If two random variables have the same distribution it doesnt automatically mean that they are equal.
If $X\sim N(0,1)$ and $X=-Y,$ so is $Y\sim N(0,1).$ Because of the symmetry.
But if $X\sim\mathrm{exp}(1)$ and $Y\sim\mathrm{exp}(1).$ Could $X$ be not equal $Y$?
That two random variables have the same distribution doesn't guarantee they're equal. They could even be independent. All the matching distribution means is $x\le x,\,Y\le x$ have equal probabilities for all $x$, not that they have equal truth values.
Two identically distributed random variables are (almost always) unequal. Otherwise the law of large numbers for IID (independent identically distributed) random variables would not be such a big deal.

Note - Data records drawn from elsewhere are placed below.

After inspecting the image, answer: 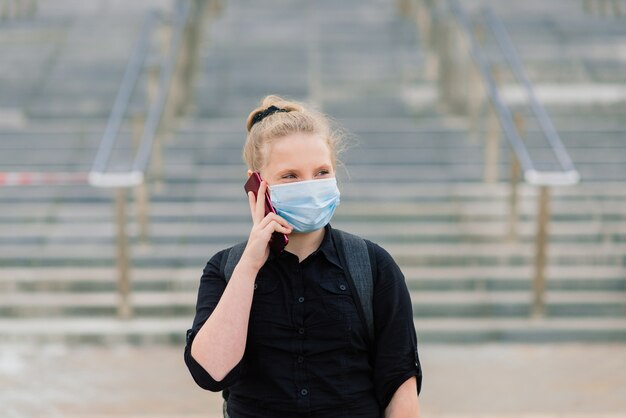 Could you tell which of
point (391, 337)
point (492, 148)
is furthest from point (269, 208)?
point (492, 148)

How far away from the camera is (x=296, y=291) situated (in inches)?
98.7

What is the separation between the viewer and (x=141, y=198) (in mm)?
8125

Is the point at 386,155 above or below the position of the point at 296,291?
below

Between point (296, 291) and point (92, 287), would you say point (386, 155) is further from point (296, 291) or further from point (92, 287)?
point (296, 291)

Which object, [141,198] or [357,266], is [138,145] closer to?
[141,198]

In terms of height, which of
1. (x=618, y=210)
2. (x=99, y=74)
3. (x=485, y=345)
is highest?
(x=99, y=74)

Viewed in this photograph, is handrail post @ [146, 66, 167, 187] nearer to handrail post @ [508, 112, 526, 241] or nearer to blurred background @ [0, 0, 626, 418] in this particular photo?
blurred background @ [0, 0, 626, 418]

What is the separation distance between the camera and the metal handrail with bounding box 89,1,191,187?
24.1 feet

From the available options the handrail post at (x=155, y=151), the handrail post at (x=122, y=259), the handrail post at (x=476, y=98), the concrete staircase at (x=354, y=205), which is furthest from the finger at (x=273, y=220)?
the handrail post at (x=476, y=98)

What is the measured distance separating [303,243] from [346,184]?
640cm

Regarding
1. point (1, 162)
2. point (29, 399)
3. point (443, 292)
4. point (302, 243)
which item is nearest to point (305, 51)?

When we say $$ \frac{X_1+X_2+\dots+X_n}{n} \to \mu $$ we do not mean $$ \frac{X_1+X_2+\dots+X_n}{n} = \frac{X_1+X_1+\dots+X_1}{n} = X_1 $$
Successive rolls of a die may be IID, but that does not mean that the die always comes up the same. Successive outcomes of the lottery may be IID, but what would be the point of a lottery if we know this week the winning number will be the same as last week?
It is even possible that the two random variables are not defined on the same probability space so that they cannot be compared and statements like $X=Y$ make no sense at all.
Also if they are defined on the same space then they do not have to equal.